Attacking Iran…repeat of crazy reasoning?

Peter Beinart in The Daily Beast points us to the crazy nature of our current attitude regarding attacking Iran in The Crazy Rush to Attack Iran. He lists and quotes an impressive series of experts familiar with the the last decades wars, and finally asks:

Can you find former military and intelligence officials who are more sympathetic to a strike? Sure. But in my lifetime, I’ve never seen a more lopsided debate among the experts paid to make these judgments. Yet it barely matters. So far, the Iran debate has been a rout, with the Republican presidential candidates loudly declaring their openness to war and President Obama unwilling to even echo the skepticism of his own security chiefs.

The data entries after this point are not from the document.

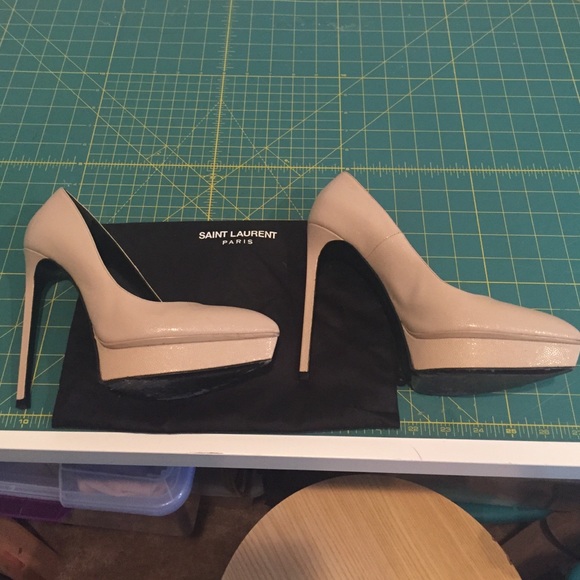 Nude embossed leather - Picture 3 of 3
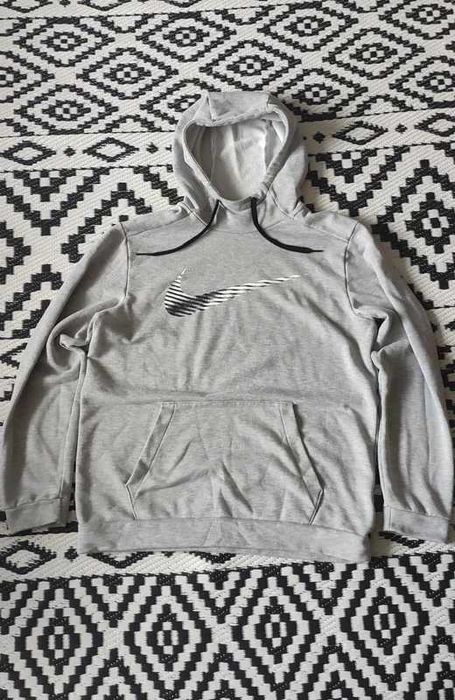 Bluza Nike Dri-fit z kapturem logo szara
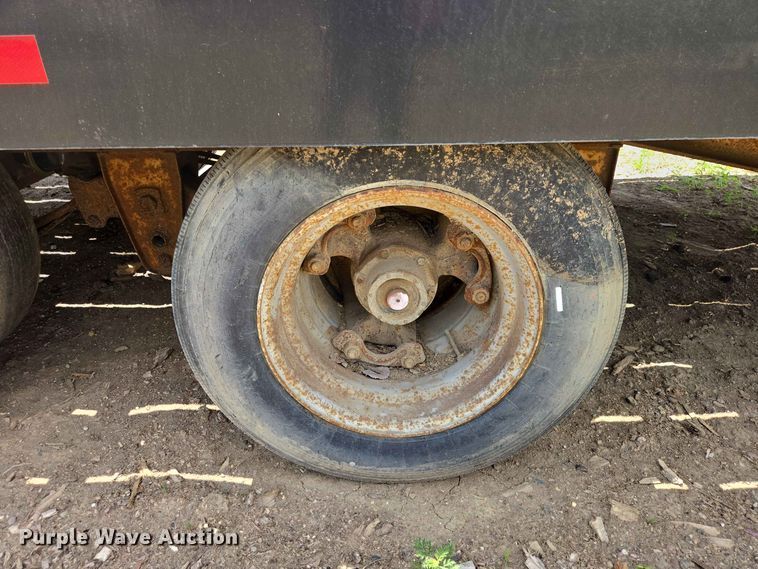 image for item DP8985 1994 CMW Custom 15T242 equipment trailer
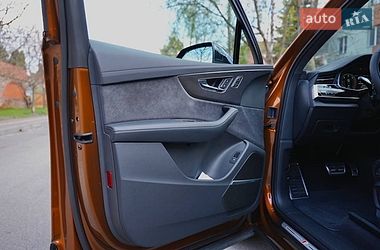 Внедорожник / Кроссовер Audi Q7 2024 в Киеве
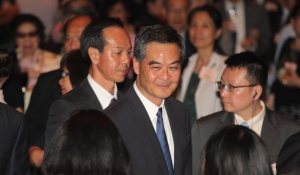 Why can CY Leung avoid a bribery charge?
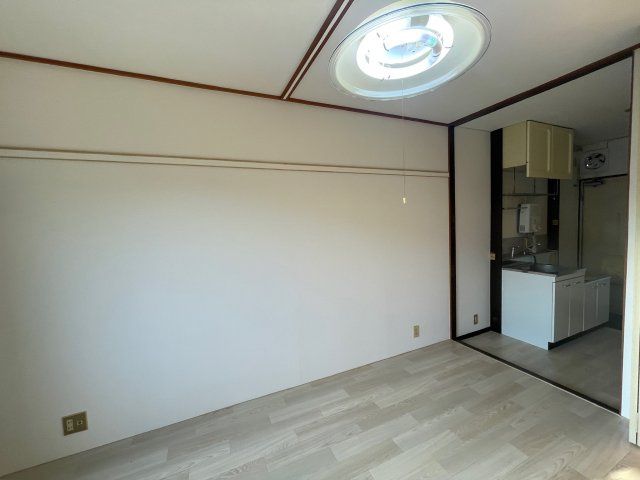 サンシティ八雲の洋室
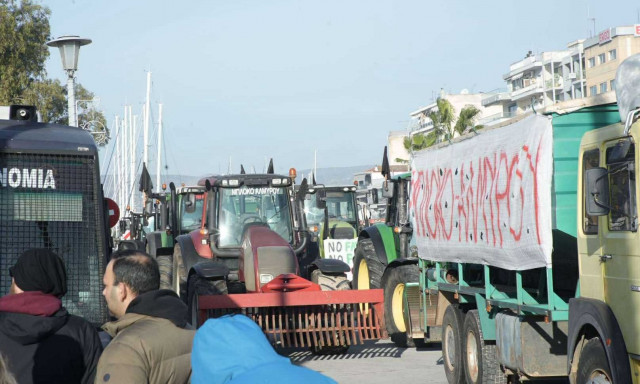 Τελεσίγραφο στους αγρότες να εγκαταλείψουν το λιμάνι του Βόλου έως τη 1 μ.μ.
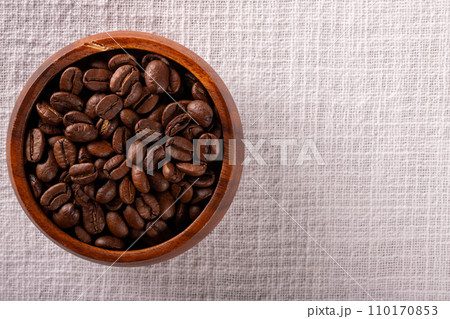 白背景とコ-ヒ-豆 白背景とコ-ヒ-豆 110170853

And who are the hawks who have so far marginalized the defense and intelligence establishments in both Israel and the U.S.? They’re a collection of think-tankers and politicians, most absolutely sincere, in my experience. But from Rick Santorum to John McCain to Elliott Abrams to John Bolton, their defining characteristic is that they were equally apocalyptic about the threat from Iraq, and equally nonchalant about the difficulties of successfully attacking it. The story of the Iraq debate was, in large measure, the story of their triumph over the career military and intelligence officials – folks like Eric Shinseki and Joseph Wilson – whose successors are now warning against attacking Iran.

How can it be, less than a decade after the U.S. invaded Iraq, that the Iran debate is breaking down along largely the same lines, and the people who were manifestly, painfully wrong about that war are driving the debate this time as well? Culturally, it’s a fascinating question – and too depressing for words.